Paul Milgrom nos ensina que mecanismo é um conjunto de regras para controlar as interações das partes, sendo o objetivo “desenhá-lo” de forma a maximizar seu desempenho, segundo o objetivo especificado[1].
A licitação de uma concessão é, portanto, um mecanismo para que o Poder Público escolha seu parceiro privado, garantindo isonomia, transparência e a contratação mais vantajosa para a sociedade. Entre as ferramentas que podem formar o mecanismo licitatório, a legislação atual oferece diferentes critérios para julgamento das propostas, os quais devem respeitar princípios como o do julgamento por critérios objetivos, previsto explicitamente no artigo 14 da Lei 8.987/95.
Alguns critérios adotam o “preço” como parâmetro referencial básico. Por exemplo: a Lei 14.133/2021 o faz com o critério menor preço, enquanto a Lei 8.987/95 o faz com os critérios “menor valor da tarifa” ou “maior oferta”. Outros critérios adotam a “técnica” como parâmetro referencial para a definição da melhor proposta.
A Lei 14.133/2021 o faz, por exemplo, com a técnica e preço, enquanto a Lei 8.987/95 o faz com o critério “melhor proposta técnica” ou com aqueles em que a melhor técnica é um dos critérios a serem combinados (ex: combinação de menor valor da tarifa com melhor técnica).
Pois bem, em uma licitação para concessão, ao contrário do que alguns imaginam, o preço não é um critério simplista. Ele concentra a disputa em um dado quantificável e auditável, um proxy objetivo para a identificação da proposta mais vantajosa, eliminando margens amplas de interpretação que podem ocorrer em modelos mais propensos a subjetivismos, como o critério “melhor proposta técnica”.
Essa objetividade é um valor central: quanto mais claras e mensuráveis forem as regras do jogo, menor o espaço para arbitrariedades, favorecimentos indevidos e litígios.
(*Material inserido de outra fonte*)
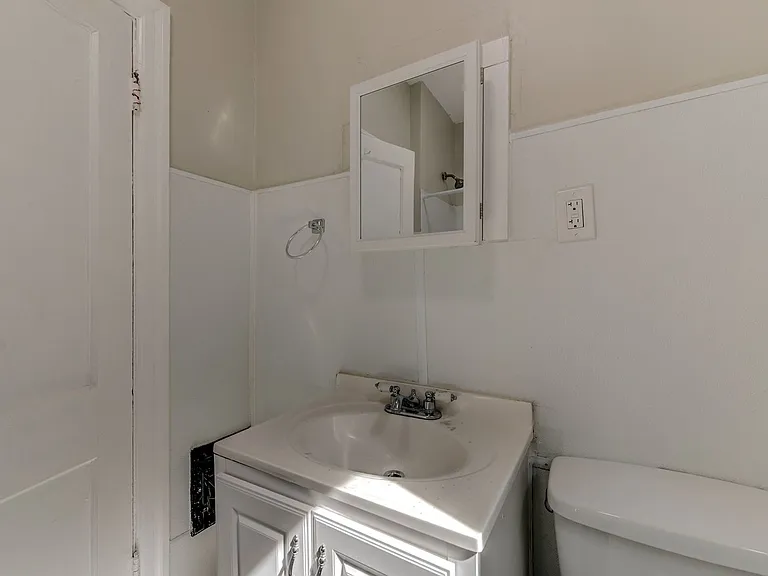 3953 Tholozan Ave — Photo 19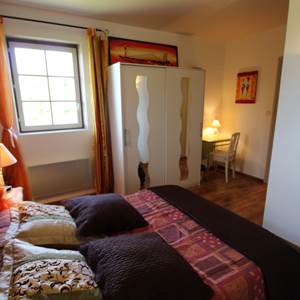 location gîte de groupe avec piscine au grand domaine Montloubier à Villeneuve de berg en ardèche et Rhône alpes 16 à 24 personnes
É justamente por isso que critérios que possuem o preço como parâmetro referencial básico são mais seguros para evitar direcionamentos, oferecendo uma barreira institucional contra manipulações sutis, travestidas de sofisticação técnica.
A escolha de critérios que adotam a “técnica” como referencial para a definição da melhor proposta, embora por vezes defendida como adequada para contratações em que o desempenho técnico influencia diretamente o resultado final, traz consigo questões sensíveis que precisam ser ponderadas. Seu uso exige planejamento robusto, com parâmetros adequados de pontuação. Sem isso, há risco de subjetividade e até de direcionamento do certame, razão pela qual órgãos de controle, como o Tribunal de Contas da União (TCU), costumeiramente fazem apontamentos em processos nos quais são adotados, recomendando sua adoção apenas em hipóteses justificadas e excepcionais[2].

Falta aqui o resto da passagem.